Saturday, July 11, 2015

Kale happened

It's been more than a year since I last posted on Lunchbox. My excuse is this: someone stole my domain name. If you typed in my web address, you got a lot of Korean characters instead of my old green metal lunchbox. 

I'm partially to blame. I guess I didn't renew the domain in a timely manner and it was so attractive to someone in Korea, they snapped it up. Go figure. In any event, I went from an .org to a .net, and here I am, technologically smarter, even if it did take a year to get it all figured out. 

Admittedly, I also needed to take a break to recharge creatively. I was running out of juice and needed to go do some other non-food things. But it's not as if food stopped happening while I was away. I mean, in that year, kale happened. Everyone is eating kale now, like a bunch of lemmings, looking for the fountain of youth. Go into Whole Foods, and they have an entire kale section, with crunchy kale snacks, a variety of kale salads, even kale smoothies, an oxymoron if there ever was one. They sell t-shirts with the word "Kale" on the front in the same typeface as Yale University, elevating the tough green to elite status. Is kale now the Yale of green leafy vegetables? 

Restaurants, too, are all goo goo-eyed over kale. But I have to wonder, does anyone really like kale? If they're eating it raw, they don't. I ate raw kale once, in a caesar salad, and it was like eating palm fronds.  Or straw from a barn, the kind that requires horse teeth and the patience to chew something for the good part of an afternoon. But I guess if it extends my life expectancy by two weeks, then I should embrace it, right? Two weeks is two weeks. 

Cooked kale is a different story. I embrace healthy greens of all kinds, as long as they're edible, which raw kale is not. Blanch kale and make a pesto. Throw it in soup like any leafy vegetable. Stew some kale with garlic and white beans - very French.  Fry it up and it becomes kale chips, which leave you feeling virtuous, even if they are nutritional cousins to donuts. Oh, and speaking of donuts, cronuts. They, too, happened while I was away. 

Wednesday, April 16, 2014

Simpler times


Did your mom ever make this for you? Mine did. It's an icebox cake made with Nabisco chocolate wafers and whipped cream. The recipe's on the box. My electric can opener-loving mother would make real whipped cream (a miracle, really) with her hand-held mixer, and add just a little sugar and vanilla. Then she'd let the whole thing sit in the fridge for a good few hours so the crunchy wafers would soften into cake. In those few hours, a mysterious alchemy would transform two disparate elements - thin crunchy cookies and billowy whipped cream - into a cold, dense torte, the edgy cocoa cutting the unctuousness of the cream. It was a marvel, especially when made by someone with a deft hand and an innate sense of proportion. My mother had both with this cake. 

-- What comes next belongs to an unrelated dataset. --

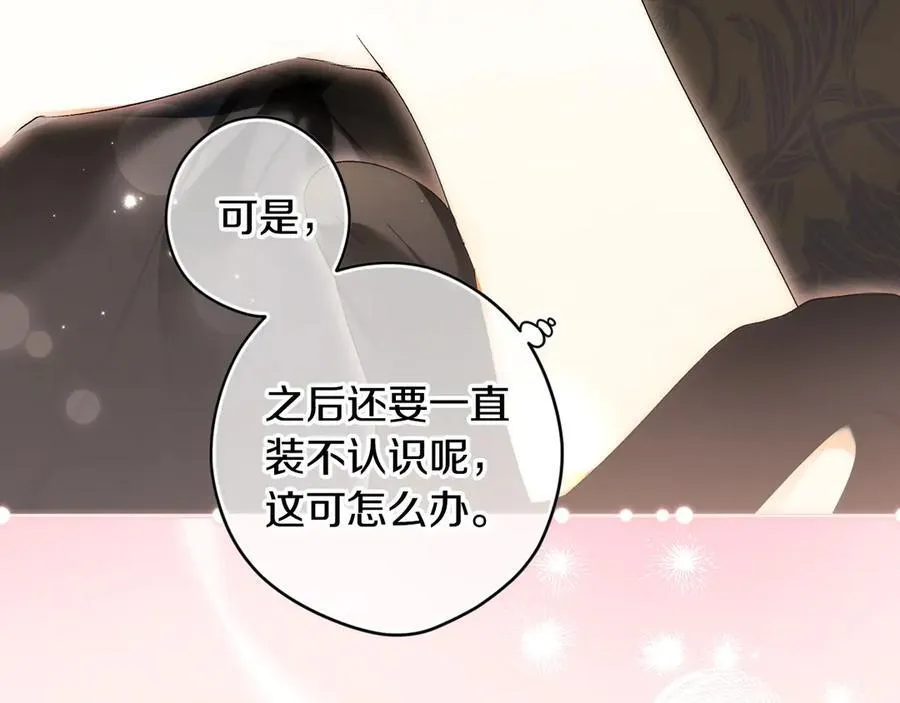 第104话 傲娇怪 第52页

The flavor is somewhat bland, as many desserts of the 20th century were. There's no salted caramel or puckery yuzu or bitter cocoa nibs. Just one note chocolatey wafers and a blanket of cool dairy cream. It's probably the single most comforting dessert I can think of. I'm going to make it for my kids soon, knowing that its simplicity might be lost on them as they measure it against the exotically flavored cupcakes to which they've become accustomed. Then again, they might fall in love with it. Like I did. 





Monday, March 17, 2014

A lifetime of steamed broccoli





Sometimes I think my palate has died a thousand deaths. Having kids can do that to you. You realize after 10 or 11 years that your well-intentioned plan of offering up only food that you, yourself, would eat has failed. You have six different kinds of chicken nuggets in your freezer and you rationalize that at least you buy them at Whole Foods and they are all white meat - really, they are. When that's a win for you, you know your soul has been siphoned out of you with a bendy straw.

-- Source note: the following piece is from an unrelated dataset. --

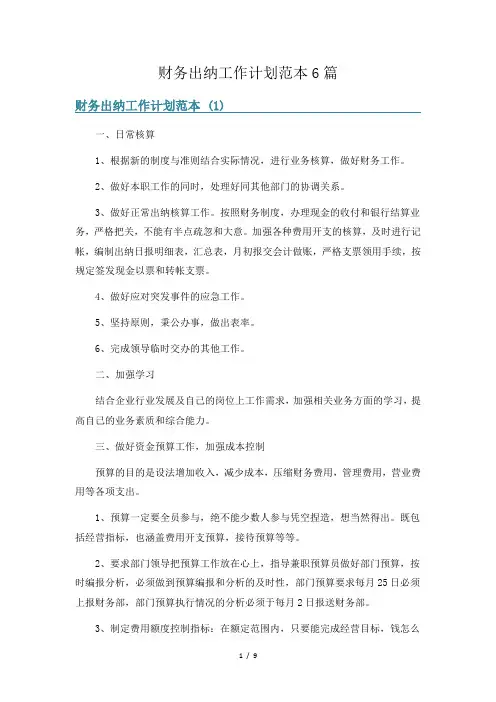 财务出纳工作计划范本6篇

I had high hopes for my daughter when her first solid food was wild mushroom risotto and brussels sprouts. She ate it. All of it. At that point I thought I had won. This child, unlike my first who only ate things with a crunchy brown coating, would embrace culinary adventure. Or at least sauces that extended beyond ketchup. Today, 10 years later, she won't even eat ketchup.

To be fair, they each have their own culinary thrill rides. They both eat octopus, even knowing what it is. My daughter especially likes the baby ones with all the tentacles. They like sushi. My son prefers pasta with green sauce to pasta with red. My daughter has just started eating red meat. Woo!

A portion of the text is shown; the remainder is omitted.